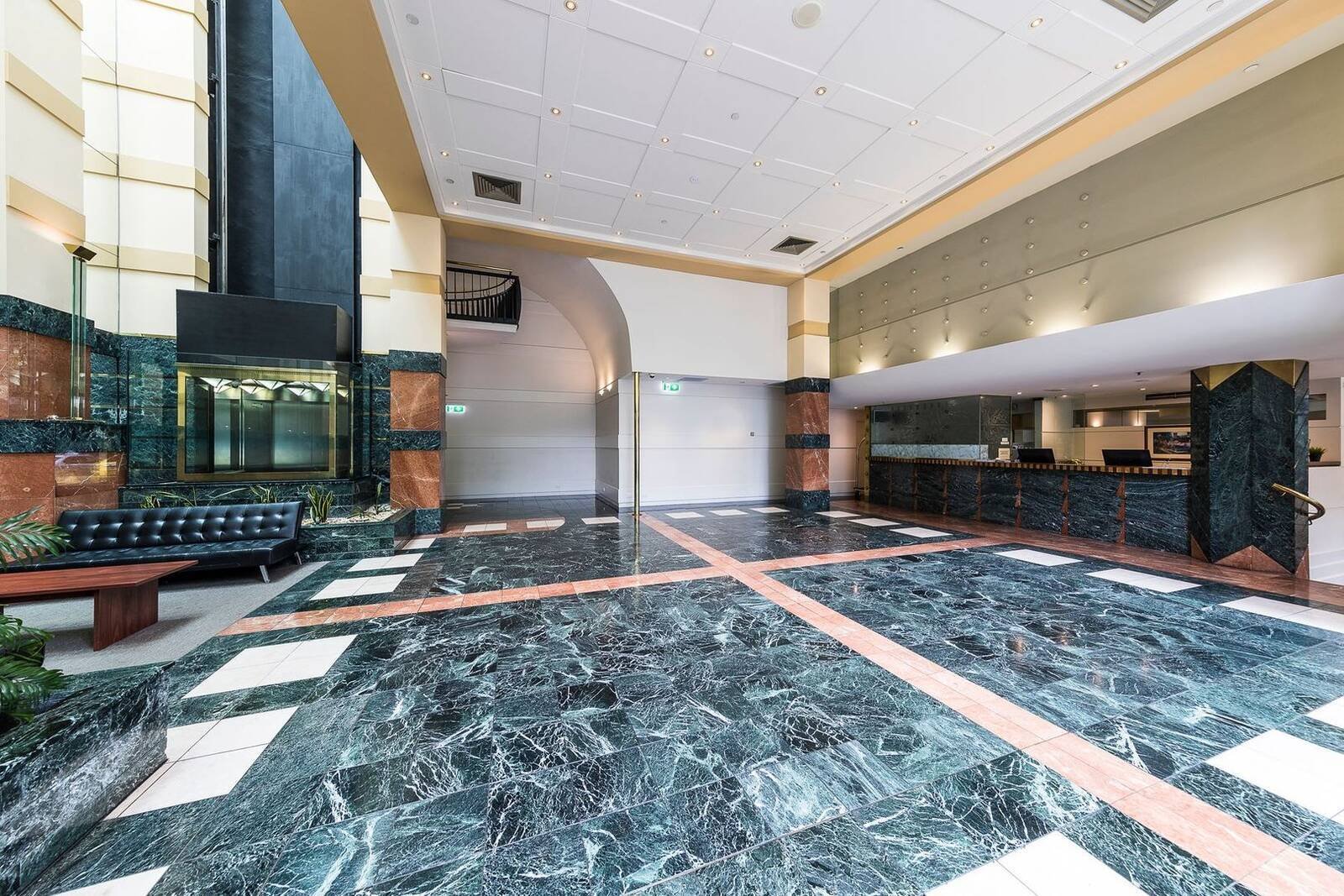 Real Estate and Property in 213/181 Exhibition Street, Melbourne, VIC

---

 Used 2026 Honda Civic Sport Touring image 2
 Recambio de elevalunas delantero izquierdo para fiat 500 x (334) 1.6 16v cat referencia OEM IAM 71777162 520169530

...

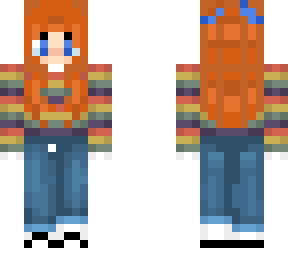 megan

How to complete this task:
Out of the listing above, reproduce exactly the lines from the one with "Used 2026 Honda Civic Sport Touring image 2" up to and including the one with "Recambio de elevalunas".

Finished exercise:
 Used 2026 Honda Civic Sport Touring image 2
 Recambio de elevalunas delantero izquierdo para fiat 500 x (334) 1.6 16v cat referencia OEM IAM 71777162 520169530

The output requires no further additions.